I am writing a search application specifically for music playlists.
The genre and file format differs from playlist to playlist, and sometimes within the playlist there are differences too. There is also a concept of "synonymous" tags (e.g. urban would cover both hiphop and r&b, but not the other way around).
Below is a list of search terms and my expected results.
gospel: should return all playlists with at least one gospel song. playlists with all gospel songs would be shown first. urban: should return all r&b and hiphop. again playlists with all urban tracks would come first. hiphop: should return all hiphop but not r&b. flac: should return all playlists that contain flac files. starting with the ones that are pure flac. hiphop flac: should return hiphop flacs first, followed by other hiphop audio hiphop AND flac: should return hiphop flacs only hiphop audio: should return hiphop flacs, hiphop mp3s, etc
As I'm just starting this project, I'm thinking of the best way to index all this. Would a fulltext search thing like Lucene be of any use here? Note I don't have any text describing these playlists, but I could generate some.
I'm thinking of organising all these terms as "tags" and storing them in the db many-to-many.
table: playlist ( pk(id), desc ) table: tag ( pk(id), desc ) table: playlist_has_tag ( pk(link_id, tag_id) )

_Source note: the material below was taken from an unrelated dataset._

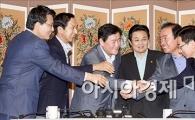 [포토]'국정원 국정조사 일단 큰 틀 합의'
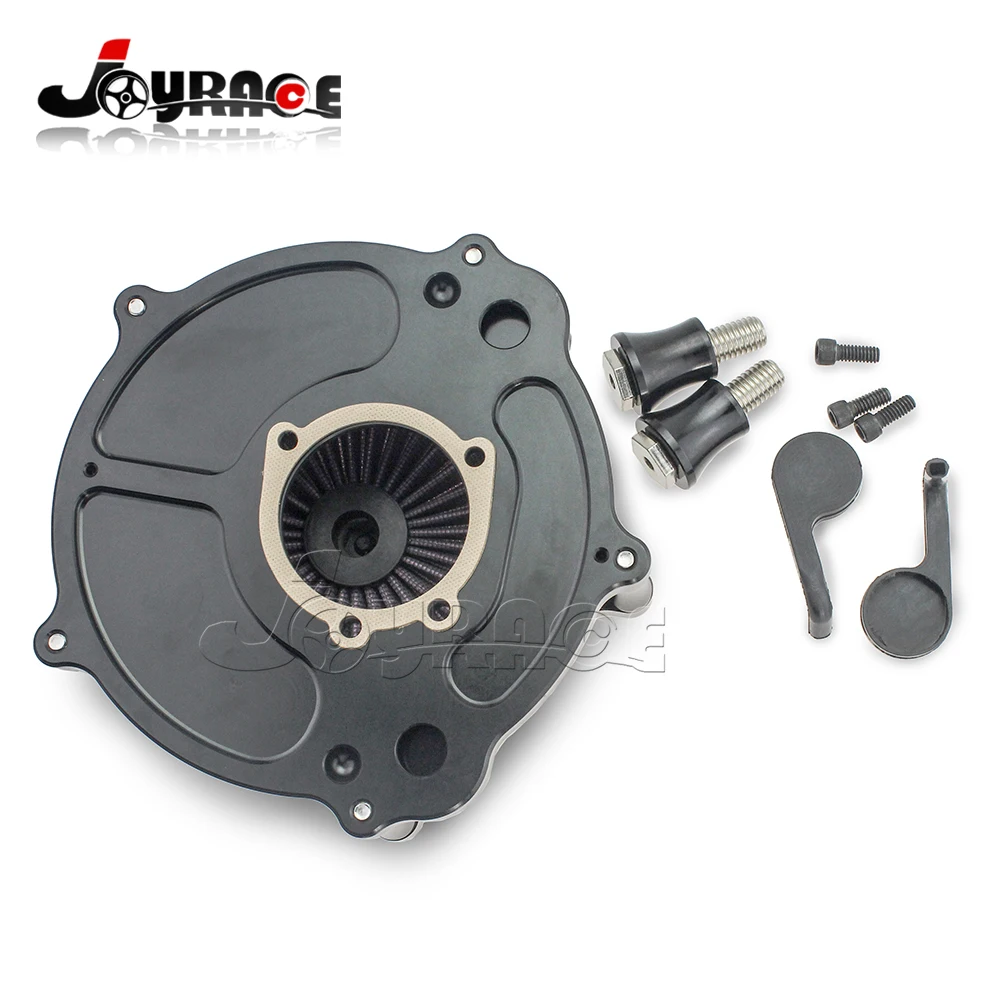 Фильтр воздухоочистителя для Harley Davidson Sportster 1200 883 48 2004 2014|air cleaner intake filter|air intakecleaner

To solve the urban == hiphop || rnb thing, I would maybe add a tag_synonyms table:
table: tag_synonyms ( pk(tag_id, synonym_tag_id) )
Then I'd have two records to indicate that urban encompasses hiphop and rnb: urban's tag id, hiphop's tag id urban's tag id, rnb's tag id
I'm feeling though that the query could be come quite convoluted using this approach.
Could CouchDB be of use here? I'm currently using PostgreSQL. Is there some software out there that will make this kind of thing easy?
I would like to be able to drill down and support complex search terms in the future like:
(hiphop OR house) AND filetype:mp3 AND artwork:no
And also incorporate things like duration, etc.